=== Exercise input ===

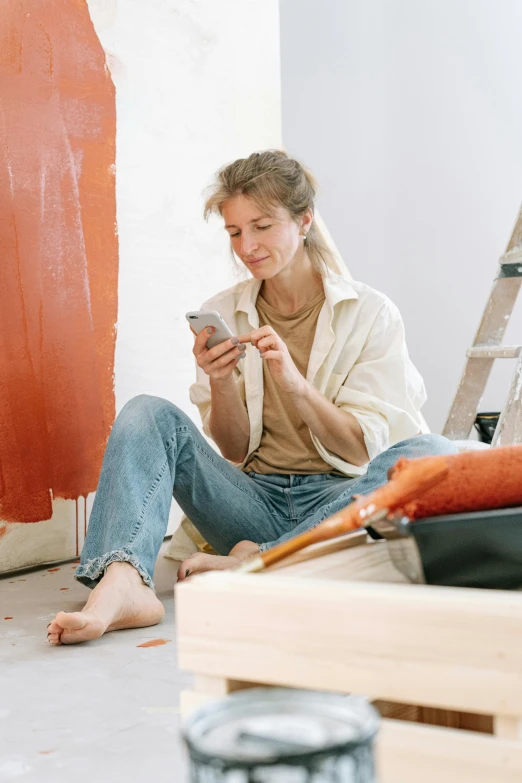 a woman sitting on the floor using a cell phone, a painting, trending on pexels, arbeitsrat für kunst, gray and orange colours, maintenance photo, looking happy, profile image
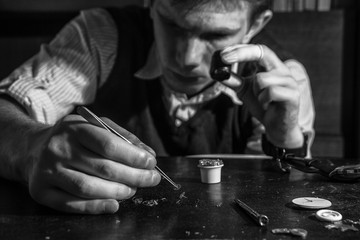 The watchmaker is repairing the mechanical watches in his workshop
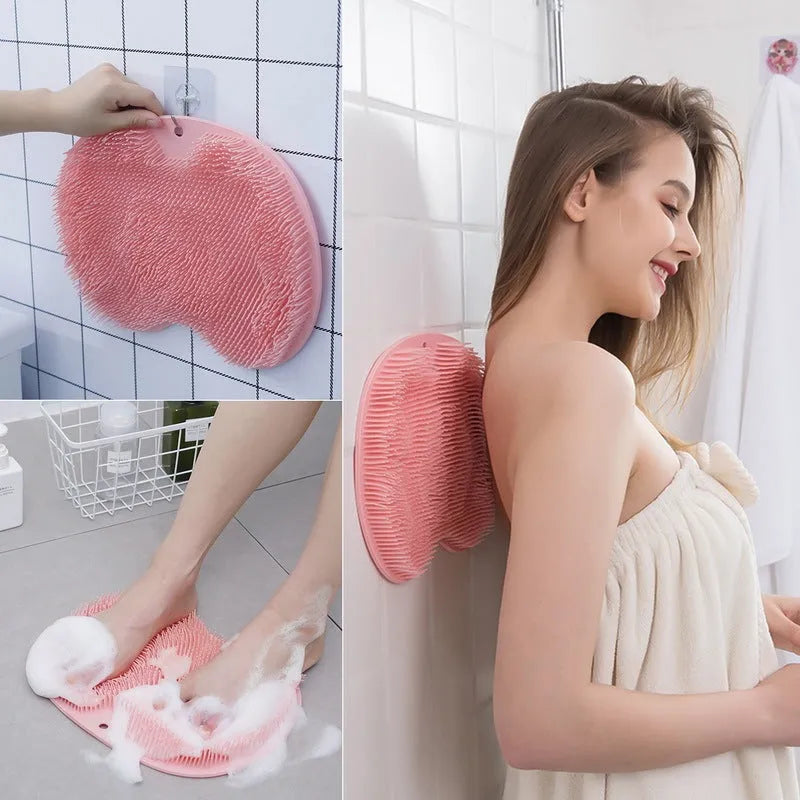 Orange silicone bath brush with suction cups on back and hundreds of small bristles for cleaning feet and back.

===
=== Exercise input ===

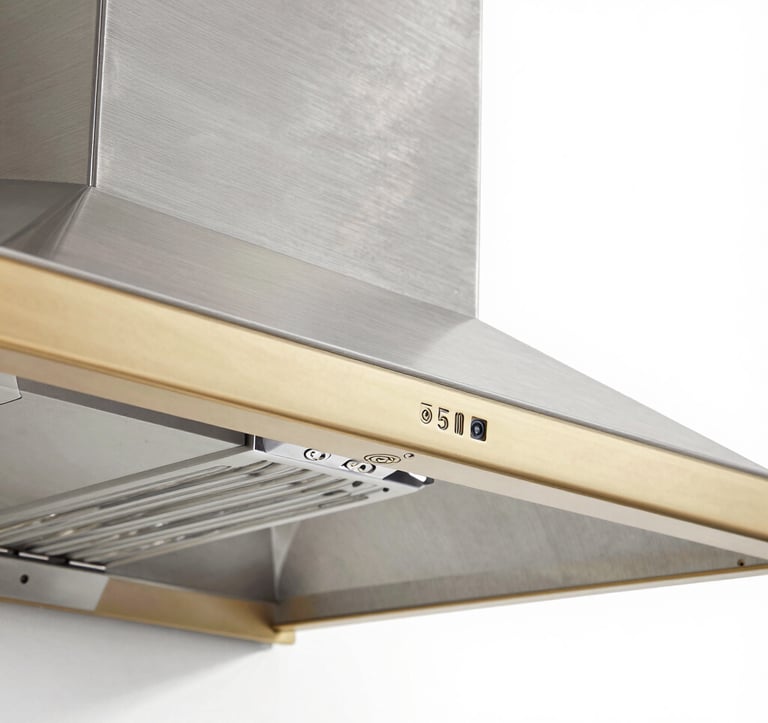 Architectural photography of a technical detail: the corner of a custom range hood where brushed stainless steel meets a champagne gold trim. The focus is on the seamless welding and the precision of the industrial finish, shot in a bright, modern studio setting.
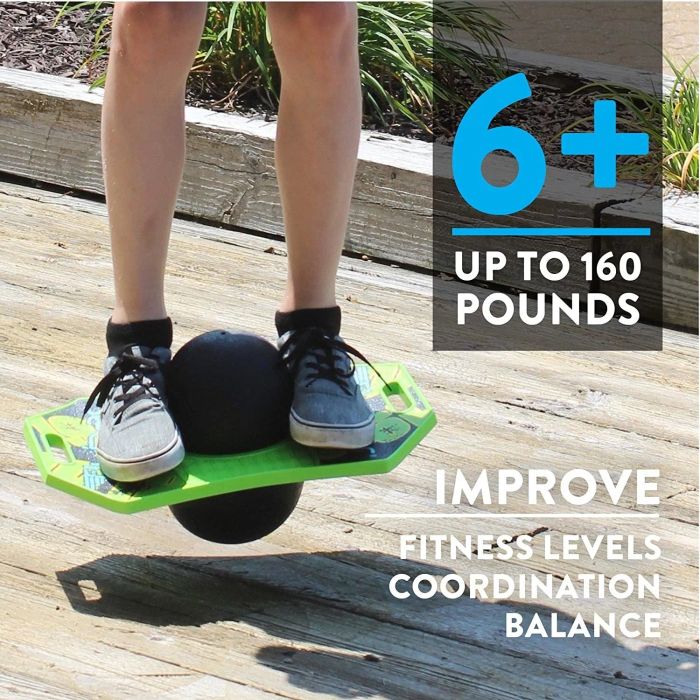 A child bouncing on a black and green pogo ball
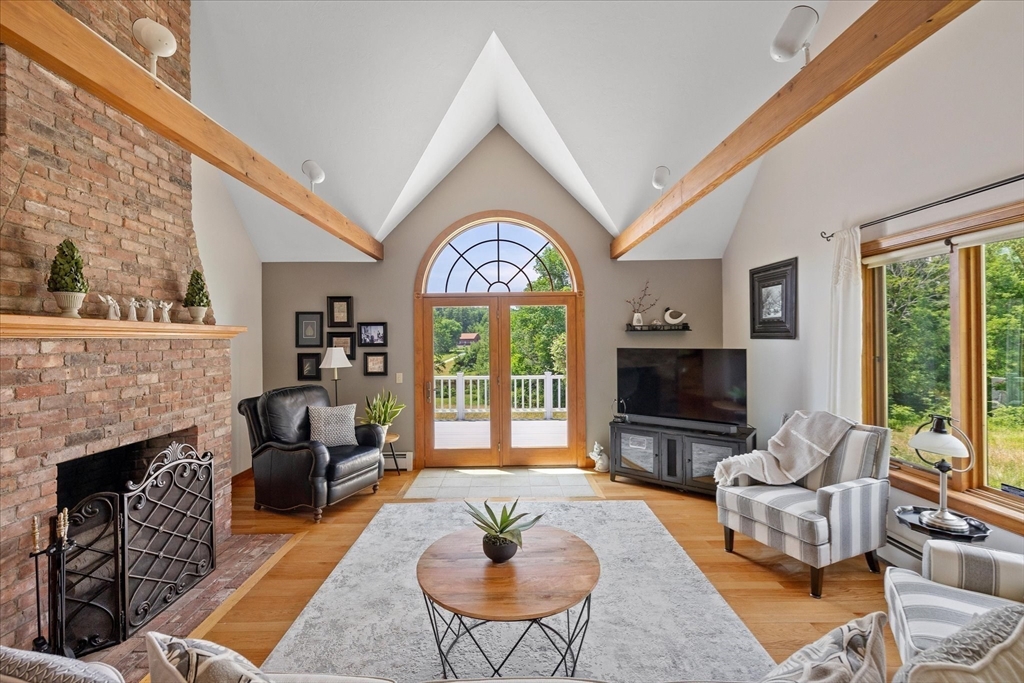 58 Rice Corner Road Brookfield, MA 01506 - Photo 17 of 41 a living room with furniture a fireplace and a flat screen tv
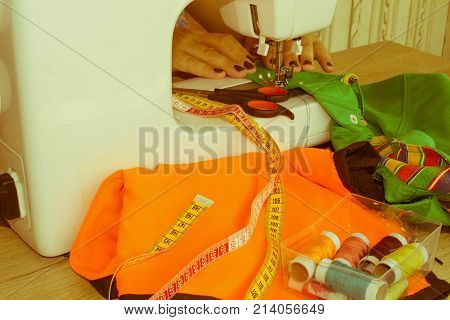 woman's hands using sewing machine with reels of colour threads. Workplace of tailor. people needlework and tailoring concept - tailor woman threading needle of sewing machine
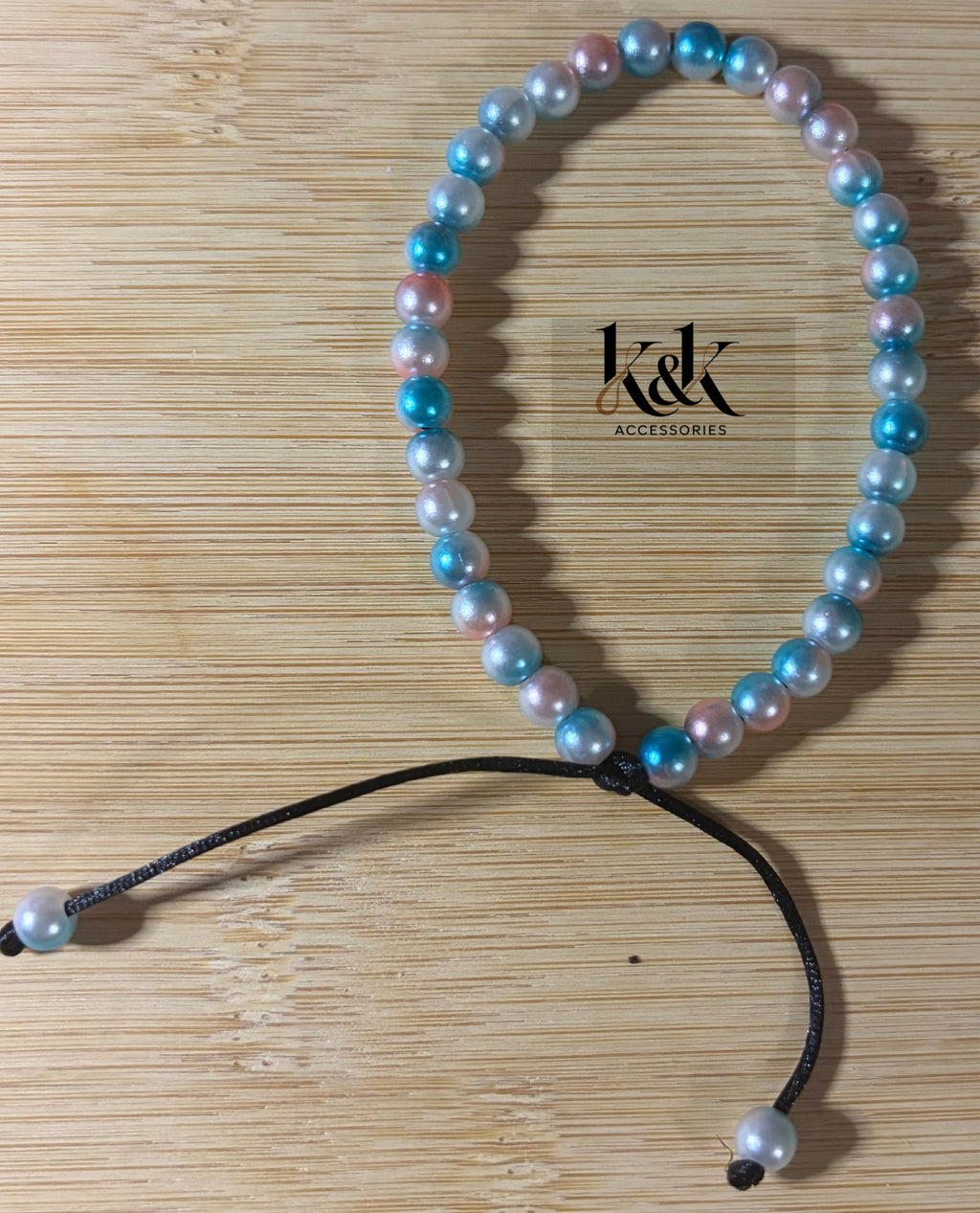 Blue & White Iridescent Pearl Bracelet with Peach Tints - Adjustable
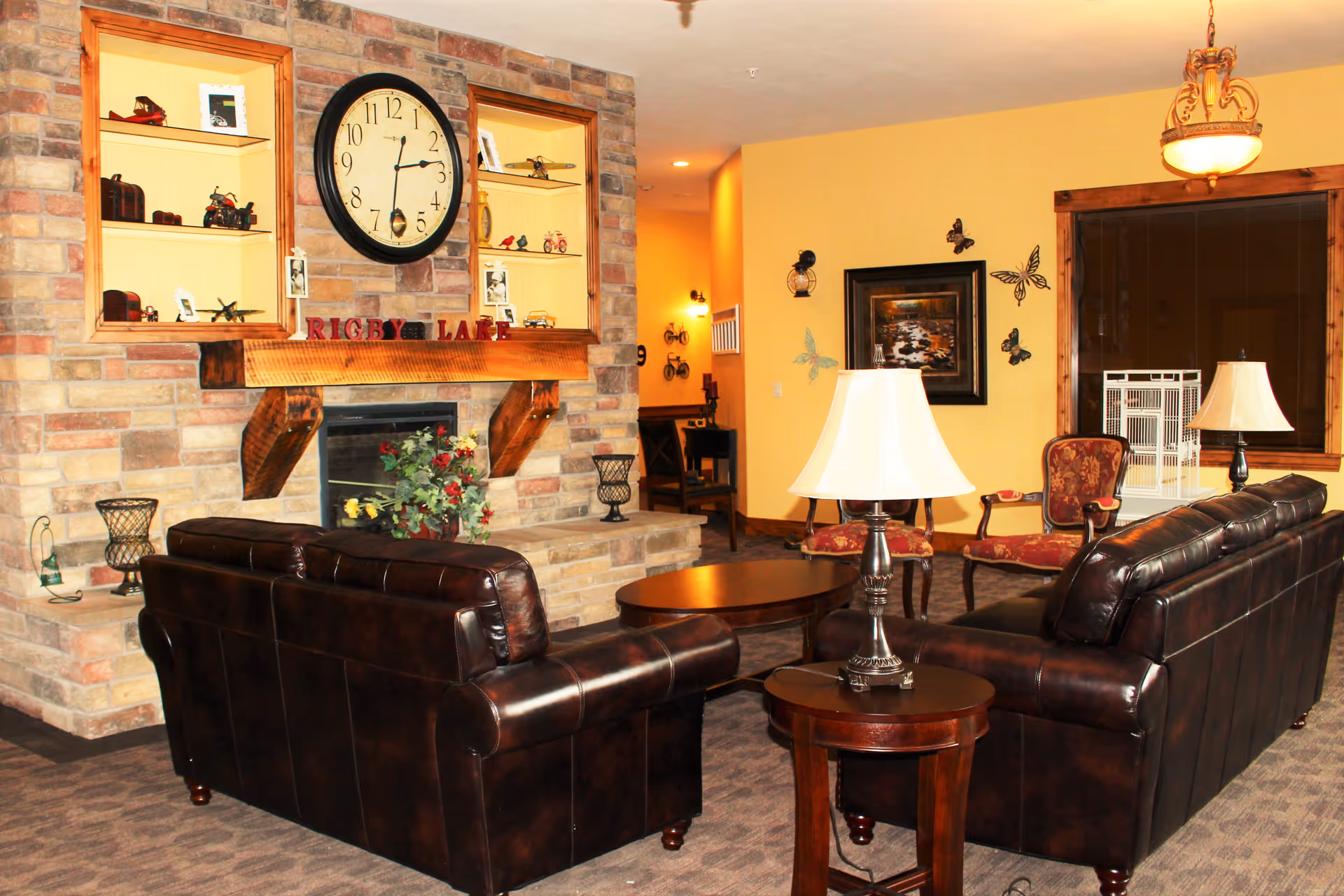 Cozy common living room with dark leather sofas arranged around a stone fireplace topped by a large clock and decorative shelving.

===

What is being asked:
Look above for the line with "A child bouncing" and the line with "Cozy common living". Copy them and every line between, exactly, but no pictures.

Exercise solution:
 A child bouncing on a black and green pogo ball
 58 Rice Corner Road Brookfield, MA 01506 - Photo 17 of 41 a living room with furniture a fireplace and a flat screen tv
 woman's hands using sewing machine with reels of colour threads. Workplace of tailor. people needlework and tailoring concept - tailor woman threading needle of sewing machine
 Blue & White Iridescent Pearl Bracelet with Peach Tints - Adjustable
 Cozy common living room with dark leather sofas arranged around a stone fireplace topped by a large clock and decorative shelving.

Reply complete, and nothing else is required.